Timothy McVeigh was spirited inside in the early hours of Saturday morning, in a motorcade from his nearby jail. But as Denver prepared for the months- long trial of the man accused of the Oklahoma City bombing, it seemed more alert to the invading hordes of journalists than to any right-wing terrorist threat.
As jury selection gets underway today, there is a sense of civic pride in the air. For better or worse, the trial of a man accused of killing 168 people in an act of domestic terrorism is helping Denver assert itself as a grown-up capital of the new American West.
For the next two to three weeks, defence and prosecution will pick and probe among potential jurors who could sentence Mr McVeigh to death. Of 1,000 people originally called, two-thirds have already been excused for reasons of health or hardship.
Denver learned 13 months ago that it would be the venue for the trial, moved from Oklahoma after Judge Richard Matsch ruled that Mr McVeigh had been "demonised" in that state. Despite recent news reports that Mr McVeigh had confessed to his own lawyers, Judge Matsch rejected repeated demands that the trial be delayed last week, saying he was confident that a "fair- minded jury can and will be empanelled".
While polls show large majorities of Americans believe Mr McVeigh will and should be found guilty, the defence holds out some hope.
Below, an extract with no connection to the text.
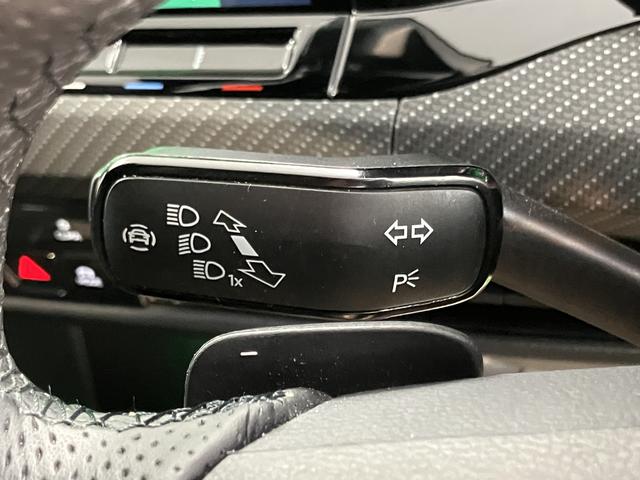 VW ゴルフeTSI Rライン純正ナビ フルセグTV バックモニター Bluetooth USB ドラレコ ETC クルーズコントロール オートライト LEDヘッドライト 前席シートヒーター ステアリングヒーター プッシュスタート(愛媛県)の中古車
Local polls say 55 per cent of Colorado people have not made up their minds.
The rival Rocky Mountain News and Denver Post newspapers have been scrupulously even-handed. They have been careful to give equal time to the defence attorney, Stephen Jones, as he claims a coterie of far-right revolutionaries and international terrorists - from the IRA to an Islamic terrorist cell based in the Philippines - were involved in the bomb plot.
The grand jury that indicted Mr McVeigh and his co-defendant Terry Nichols, to be tried later, said they conspired to blow up the building with "others unknown".
Mr Jones demanded last week that the government turn over its information on "foreign terrorists" involved. In a sharp exchange, the lead prosecutor, Joseph Hartzler, said defence submissions read "like a bad Hollywood script", and promised the prosecution would trash this "pulp fiction" in court.
In a lengthy court filing last week, the defence named Dennis Mahon, a former leader of the white Aryan resistance in Oklahoma, as a key figure in a conspiracy that also involved Sinn Fein. Andreas Strassmeir, a German neo-Nazi who lived with Mr Mahon at Elohim City, a far-right Christian compound in Oklahoma, had received a detonator from Sinn Fein, the defence claimed. Sinn Fein president Gerry Adams yesterday called the link "preposterous rubbish".
Security for the trial will cost Denver half a million dollars in police overtime, Mayor Wellington Webb said this week, and will block downtown streets.
In the past decade, Denver has seen extraordinary growth; this June, it will host the Group of Eight summit, along with a national convention of 6,500 oncologists. "Denver has a reputation, that it's outgrown, of being a cow town," said Eric Anderson, a former Denver Post journalist who has handled public relations for some of the state's top political figures. "People are getting used to seeing satellite trucks in their driveway."